What makes Uhry’s play so appealing is that both Miss Daisy, whose obstinacy and unalterable opinions seem to intensify rather than modify with age, and Hoke, whose modest dignity allows only for some half-muttered self-defensive retorts, are both 100 percent real and believable human beings. Gaines, whose character is primarily a catalyst between scenes in what is essentially a two-character play, prevents his secondary role from appearing secondary as he brings a generous amount of energy and warmth to his maturing process.
Admittedly, the plot reveals itself more like a diary than a drama. But each absorbing, humor-invested episode — whether it concerns itself with a missing can of salmon, the tutorial influence of Miss Daisy on Hoke’s illiteracy, or the comforting visit to the nursing home where, at the play’s end, Miss Daisy is finally residing at the age of 97 — illuminates the candor and tender affection between two proud people who reach an understanding that speaks quite eloquently for their social status and their inherent humanity.
One would expect a limit to the ways an actress can display growing ineptitude and senility. But Redgrave’s exquisitely detailed and nuanced body language never seems to run out of variations on how to present Miss Daisy. Hers is a totally beguiling performance without a false note that might give away that she wasn’t defined by living in the south. This kind of reality is also reflected in the quietly touching performance of Jones as he achieves his own state of wisdom through necessity. This is not to say that Jones’s awesomely resounding voice doesn’t surface for great effect when the moment and the time is right.

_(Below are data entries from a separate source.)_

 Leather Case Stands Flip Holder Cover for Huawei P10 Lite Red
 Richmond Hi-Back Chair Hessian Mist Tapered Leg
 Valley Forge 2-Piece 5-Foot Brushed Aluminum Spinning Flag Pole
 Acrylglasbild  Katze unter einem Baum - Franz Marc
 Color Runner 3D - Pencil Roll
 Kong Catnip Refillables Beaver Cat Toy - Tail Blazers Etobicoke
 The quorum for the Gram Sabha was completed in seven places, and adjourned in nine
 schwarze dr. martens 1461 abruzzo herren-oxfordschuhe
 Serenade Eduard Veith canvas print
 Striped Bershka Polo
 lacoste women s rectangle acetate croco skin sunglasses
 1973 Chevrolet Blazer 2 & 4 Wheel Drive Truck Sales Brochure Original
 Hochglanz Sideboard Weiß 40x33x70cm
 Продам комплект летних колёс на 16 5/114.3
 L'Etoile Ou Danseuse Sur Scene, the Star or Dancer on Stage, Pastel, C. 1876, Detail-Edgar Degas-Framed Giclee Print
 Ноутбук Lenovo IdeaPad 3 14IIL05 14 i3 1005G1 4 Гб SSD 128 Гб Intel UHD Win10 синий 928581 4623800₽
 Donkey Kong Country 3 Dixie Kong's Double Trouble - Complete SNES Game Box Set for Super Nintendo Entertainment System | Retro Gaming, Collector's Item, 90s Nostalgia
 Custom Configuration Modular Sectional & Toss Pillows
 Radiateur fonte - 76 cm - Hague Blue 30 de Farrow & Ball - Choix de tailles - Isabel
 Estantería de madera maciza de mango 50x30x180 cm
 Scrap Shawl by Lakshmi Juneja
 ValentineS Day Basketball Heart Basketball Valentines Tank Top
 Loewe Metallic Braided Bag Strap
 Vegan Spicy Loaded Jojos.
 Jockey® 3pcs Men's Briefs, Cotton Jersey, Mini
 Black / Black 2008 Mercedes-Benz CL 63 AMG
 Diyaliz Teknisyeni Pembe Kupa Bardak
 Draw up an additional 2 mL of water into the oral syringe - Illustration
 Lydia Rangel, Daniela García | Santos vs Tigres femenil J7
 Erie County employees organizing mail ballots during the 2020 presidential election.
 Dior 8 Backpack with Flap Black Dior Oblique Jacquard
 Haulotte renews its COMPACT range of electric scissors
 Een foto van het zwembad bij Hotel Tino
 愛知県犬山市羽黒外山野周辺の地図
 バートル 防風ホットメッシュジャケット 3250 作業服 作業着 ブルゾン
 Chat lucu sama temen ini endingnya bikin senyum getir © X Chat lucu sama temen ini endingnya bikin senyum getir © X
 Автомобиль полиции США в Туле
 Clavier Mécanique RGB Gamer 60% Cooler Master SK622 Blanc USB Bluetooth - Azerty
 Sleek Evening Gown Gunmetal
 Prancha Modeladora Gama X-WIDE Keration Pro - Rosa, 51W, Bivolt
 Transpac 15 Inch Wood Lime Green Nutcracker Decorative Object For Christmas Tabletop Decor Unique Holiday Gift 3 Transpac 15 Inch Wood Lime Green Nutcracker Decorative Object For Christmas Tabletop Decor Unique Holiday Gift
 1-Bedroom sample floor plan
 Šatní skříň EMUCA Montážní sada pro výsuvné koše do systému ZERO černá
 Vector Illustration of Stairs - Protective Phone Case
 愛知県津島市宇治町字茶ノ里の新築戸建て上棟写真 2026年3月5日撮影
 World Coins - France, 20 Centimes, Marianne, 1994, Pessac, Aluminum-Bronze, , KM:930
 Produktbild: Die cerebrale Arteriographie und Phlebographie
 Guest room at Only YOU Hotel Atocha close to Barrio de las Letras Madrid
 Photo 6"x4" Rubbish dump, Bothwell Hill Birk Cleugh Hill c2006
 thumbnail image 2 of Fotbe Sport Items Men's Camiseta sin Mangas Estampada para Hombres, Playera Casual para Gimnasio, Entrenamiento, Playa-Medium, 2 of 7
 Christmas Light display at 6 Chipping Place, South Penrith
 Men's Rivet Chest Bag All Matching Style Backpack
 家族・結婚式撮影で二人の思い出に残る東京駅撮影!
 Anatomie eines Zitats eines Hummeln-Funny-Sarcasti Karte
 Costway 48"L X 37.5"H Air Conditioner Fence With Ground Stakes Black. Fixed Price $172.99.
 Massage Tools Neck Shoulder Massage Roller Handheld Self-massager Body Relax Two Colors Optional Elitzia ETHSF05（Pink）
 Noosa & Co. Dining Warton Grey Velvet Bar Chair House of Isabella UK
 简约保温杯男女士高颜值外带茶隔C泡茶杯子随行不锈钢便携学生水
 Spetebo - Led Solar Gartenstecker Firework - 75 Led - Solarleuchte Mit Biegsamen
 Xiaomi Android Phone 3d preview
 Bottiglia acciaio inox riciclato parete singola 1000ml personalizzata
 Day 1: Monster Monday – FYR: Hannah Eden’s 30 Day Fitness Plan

I wish I could say that David Esbjornson has directed with the seamless grace that the play needs to be effective. But he is hampered somewhat by the rather ugly and cumbersome set designed by the usually artistically astute John Lee Beatty. Granted that there are the prerequisite few pieces of furniture including the chairs that serve as a car, but the shadowy projections that are cast upon a wallpapered backdrop look like the effort of a budget-constrained community theater. Even with this visual distraction, “Driving Miss Daisy” is a pleasure from start to finish. ***
“Driving Miss Daisy,” through Saturday, January 29, John Golden Theater, 252 West 45th Street. $65 to $125. 212-239-6200.